This repo contains the code base for reproducing the experiments included in the EMNLP 2020 publication Sparsity Makes Sense: Word Sense Disambiguation Using Sparse Contextualized Word Representations.
If you would like to try out the model first, you can do so using this demo.

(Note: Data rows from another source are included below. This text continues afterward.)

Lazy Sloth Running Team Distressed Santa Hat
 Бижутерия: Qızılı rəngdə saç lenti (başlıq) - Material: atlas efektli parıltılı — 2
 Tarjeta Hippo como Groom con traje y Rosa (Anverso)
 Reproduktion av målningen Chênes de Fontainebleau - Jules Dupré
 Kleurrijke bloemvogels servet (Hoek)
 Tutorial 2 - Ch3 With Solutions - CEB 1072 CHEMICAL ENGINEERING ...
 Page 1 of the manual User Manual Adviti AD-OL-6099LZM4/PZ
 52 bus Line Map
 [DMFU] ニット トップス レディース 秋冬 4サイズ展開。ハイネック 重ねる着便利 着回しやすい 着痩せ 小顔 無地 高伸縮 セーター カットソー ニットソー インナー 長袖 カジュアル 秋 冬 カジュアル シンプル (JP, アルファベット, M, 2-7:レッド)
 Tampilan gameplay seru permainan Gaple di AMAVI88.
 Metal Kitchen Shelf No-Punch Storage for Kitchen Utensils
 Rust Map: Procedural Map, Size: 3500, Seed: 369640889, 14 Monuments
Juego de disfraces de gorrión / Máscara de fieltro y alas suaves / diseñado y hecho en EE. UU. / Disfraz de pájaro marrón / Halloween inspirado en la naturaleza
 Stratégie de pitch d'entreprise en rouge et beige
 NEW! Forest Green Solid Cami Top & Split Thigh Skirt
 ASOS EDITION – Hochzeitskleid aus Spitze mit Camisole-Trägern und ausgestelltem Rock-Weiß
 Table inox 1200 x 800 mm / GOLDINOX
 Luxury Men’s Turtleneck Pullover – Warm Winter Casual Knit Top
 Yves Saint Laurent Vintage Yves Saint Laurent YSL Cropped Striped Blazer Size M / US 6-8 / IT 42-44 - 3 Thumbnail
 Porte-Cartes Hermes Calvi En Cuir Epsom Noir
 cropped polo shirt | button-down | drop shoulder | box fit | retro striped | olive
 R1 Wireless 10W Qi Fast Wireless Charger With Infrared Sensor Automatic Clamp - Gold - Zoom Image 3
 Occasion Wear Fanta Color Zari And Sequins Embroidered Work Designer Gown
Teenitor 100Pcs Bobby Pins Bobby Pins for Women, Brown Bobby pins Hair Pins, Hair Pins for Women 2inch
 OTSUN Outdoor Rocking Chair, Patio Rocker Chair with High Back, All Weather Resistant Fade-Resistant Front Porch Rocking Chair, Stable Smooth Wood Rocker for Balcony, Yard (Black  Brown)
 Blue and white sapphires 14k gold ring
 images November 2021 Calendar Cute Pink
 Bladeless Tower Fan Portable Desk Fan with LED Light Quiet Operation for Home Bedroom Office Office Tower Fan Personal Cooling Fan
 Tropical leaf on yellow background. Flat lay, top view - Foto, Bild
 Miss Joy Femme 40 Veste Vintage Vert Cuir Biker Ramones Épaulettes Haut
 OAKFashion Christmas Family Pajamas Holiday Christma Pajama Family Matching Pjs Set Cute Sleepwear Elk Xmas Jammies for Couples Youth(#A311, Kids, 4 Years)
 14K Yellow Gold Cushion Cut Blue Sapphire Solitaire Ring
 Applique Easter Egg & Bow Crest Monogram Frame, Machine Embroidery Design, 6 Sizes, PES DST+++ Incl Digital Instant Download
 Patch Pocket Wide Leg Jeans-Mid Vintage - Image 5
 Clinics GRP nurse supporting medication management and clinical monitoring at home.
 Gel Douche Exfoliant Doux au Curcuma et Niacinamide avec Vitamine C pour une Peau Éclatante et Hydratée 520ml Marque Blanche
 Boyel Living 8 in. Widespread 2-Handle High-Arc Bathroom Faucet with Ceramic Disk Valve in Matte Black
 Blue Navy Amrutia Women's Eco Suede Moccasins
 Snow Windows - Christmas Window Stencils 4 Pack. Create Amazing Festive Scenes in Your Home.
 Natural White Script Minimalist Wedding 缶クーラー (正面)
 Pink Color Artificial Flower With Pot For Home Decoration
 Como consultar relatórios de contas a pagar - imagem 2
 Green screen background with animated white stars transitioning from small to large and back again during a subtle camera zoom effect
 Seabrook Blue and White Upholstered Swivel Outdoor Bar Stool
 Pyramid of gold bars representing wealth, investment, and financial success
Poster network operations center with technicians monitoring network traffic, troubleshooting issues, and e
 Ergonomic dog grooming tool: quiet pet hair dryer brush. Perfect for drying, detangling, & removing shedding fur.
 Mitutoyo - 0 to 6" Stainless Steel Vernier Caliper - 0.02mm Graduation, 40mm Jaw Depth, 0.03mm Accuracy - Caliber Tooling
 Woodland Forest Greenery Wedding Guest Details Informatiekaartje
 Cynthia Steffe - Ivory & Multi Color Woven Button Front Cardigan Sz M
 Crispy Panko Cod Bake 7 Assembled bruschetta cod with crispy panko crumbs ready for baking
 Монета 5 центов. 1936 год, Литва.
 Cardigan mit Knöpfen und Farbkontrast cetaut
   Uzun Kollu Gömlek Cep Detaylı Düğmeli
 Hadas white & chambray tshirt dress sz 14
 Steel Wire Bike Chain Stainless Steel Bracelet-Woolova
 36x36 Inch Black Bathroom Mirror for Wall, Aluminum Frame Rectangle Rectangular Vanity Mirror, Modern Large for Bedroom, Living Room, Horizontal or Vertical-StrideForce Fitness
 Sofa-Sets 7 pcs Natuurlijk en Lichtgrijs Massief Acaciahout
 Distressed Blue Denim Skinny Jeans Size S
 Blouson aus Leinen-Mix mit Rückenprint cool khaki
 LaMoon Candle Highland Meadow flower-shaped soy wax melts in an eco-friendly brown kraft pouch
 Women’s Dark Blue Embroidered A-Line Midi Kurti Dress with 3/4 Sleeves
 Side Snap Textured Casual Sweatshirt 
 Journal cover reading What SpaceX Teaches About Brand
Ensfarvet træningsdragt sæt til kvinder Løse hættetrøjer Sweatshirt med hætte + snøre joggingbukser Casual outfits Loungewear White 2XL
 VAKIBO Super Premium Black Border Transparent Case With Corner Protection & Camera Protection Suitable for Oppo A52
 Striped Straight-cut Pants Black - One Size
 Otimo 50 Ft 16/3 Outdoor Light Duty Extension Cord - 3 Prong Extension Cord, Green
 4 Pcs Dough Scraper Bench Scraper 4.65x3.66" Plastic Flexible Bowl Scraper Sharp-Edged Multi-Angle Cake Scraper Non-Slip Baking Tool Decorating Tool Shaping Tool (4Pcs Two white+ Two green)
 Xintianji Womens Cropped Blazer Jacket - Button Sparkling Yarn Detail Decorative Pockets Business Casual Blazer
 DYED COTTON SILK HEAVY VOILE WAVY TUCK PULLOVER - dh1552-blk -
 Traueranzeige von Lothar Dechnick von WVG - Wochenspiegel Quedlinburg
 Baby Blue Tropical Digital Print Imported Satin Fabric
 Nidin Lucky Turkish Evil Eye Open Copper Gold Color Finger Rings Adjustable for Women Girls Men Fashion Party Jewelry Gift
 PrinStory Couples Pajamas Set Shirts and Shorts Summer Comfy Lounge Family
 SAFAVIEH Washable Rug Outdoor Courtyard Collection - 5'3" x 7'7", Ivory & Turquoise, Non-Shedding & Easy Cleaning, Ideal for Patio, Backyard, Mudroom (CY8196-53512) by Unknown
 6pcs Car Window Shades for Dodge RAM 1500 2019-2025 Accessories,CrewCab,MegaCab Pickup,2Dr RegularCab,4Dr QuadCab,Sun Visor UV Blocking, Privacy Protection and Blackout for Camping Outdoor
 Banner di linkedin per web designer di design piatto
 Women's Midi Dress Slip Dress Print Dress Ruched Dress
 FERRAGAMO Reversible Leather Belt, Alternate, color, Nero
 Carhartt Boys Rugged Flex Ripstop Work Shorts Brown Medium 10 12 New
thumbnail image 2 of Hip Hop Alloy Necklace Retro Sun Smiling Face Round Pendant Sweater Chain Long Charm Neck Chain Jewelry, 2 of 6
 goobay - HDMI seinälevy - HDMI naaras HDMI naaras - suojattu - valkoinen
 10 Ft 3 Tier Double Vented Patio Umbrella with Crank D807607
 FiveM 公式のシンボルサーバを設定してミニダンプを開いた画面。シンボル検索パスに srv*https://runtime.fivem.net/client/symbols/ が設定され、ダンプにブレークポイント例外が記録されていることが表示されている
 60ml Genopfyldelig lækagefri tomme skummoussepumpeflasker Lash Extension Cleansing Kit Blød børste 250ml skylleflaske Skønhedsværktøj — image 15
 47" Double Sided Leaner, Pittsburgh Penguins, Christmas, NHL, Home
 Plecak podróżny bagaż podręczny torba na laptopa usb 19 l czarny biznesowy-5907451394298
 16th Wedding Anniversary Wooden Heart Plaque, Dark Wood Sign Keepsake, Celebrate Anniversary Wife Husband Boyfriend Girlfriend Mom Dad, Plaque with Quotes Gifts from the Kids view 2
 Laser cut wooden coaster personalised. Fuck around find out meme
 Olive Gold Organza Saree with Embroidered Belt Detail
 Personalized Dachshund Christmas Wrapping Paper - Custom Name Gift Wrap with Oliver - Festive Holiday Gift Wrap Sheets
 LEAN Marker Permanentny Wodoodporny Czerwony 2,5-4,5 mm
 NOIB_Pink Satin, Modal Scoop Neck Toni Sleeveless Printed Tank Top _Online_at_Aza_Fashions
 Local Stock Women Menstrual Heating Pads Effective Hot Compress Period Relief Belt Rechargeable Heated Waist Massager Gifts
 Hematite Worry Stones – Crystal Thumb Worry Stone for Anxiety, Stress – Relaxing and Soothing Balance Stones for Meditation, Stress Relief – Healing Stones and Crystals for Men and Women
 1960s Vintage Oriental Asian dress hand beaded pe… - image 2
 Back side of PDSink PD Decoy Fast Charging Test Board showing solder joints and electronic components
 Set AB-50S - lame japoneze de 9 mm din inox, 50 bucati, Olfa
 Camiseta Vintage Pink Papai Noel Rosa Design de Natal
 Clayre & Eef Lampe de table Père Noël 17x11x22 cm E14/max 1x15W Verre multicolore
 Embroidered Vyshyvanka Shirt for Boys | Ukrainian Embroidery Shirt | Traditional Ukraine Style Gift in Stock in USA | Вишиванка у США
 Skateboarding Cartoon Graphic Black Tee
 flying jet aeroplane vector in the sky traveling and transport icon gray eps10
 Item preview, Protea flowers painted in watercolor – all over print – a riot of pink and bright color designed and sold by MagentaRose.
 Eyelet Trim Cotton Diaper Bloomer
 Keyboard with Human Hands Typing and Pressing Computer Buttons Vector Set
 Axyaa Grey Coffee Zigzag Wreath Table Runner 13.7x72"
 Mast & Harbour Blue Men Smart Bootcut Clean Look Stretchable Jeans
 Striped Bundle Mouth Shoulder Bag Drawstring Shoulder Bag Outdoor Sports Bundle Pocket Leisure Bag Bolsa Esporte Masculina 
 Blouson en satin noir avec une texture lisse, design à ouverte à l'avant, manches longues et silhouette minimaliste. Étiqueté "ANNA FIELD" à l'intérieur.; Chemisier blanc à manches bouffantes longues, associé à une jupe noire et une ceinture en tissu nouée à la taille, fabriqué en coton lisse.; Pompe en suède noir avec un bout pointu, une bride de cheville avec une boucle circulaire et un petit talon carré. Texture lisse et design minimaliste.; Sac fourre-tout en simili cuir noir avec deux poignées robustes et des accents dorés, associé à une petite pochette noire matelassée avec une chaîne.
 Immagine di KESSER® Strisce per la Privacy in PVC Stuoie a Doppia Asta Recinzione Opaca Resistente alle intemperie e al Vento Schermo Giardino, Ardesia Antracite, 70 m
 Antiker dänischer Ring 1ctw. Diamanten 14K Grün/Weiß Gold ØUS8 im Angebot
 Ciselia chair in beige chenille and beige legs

git clone [email protected]:begab/sparsity_makes_sense.git
cd sparsity_makes_sense
# you might need to install certain libs previous to the pip install command
# sudo apt -y install libblas-dev liblapack-dev gfortran
pip install -r requirements.txt
mkdir -p log/results
First, download the training and evaluation data from Raganato et al. (2017) by invoking
wget http://lcl.uniroma1.it/wsdeval/data/WSD_Evaluation_Framework.zip
unzip WSD_Evaluation_Framework.zip
rm WSD_Evaluation_Framework.zip
As additional training data, you can also rely on the WordNet Gloss Tagged data provided within the UFSAC (Unification of Sense Annotated Corpora and Tools) initiative.
The next step is to obtain the dense contextualized representations using the transformers library.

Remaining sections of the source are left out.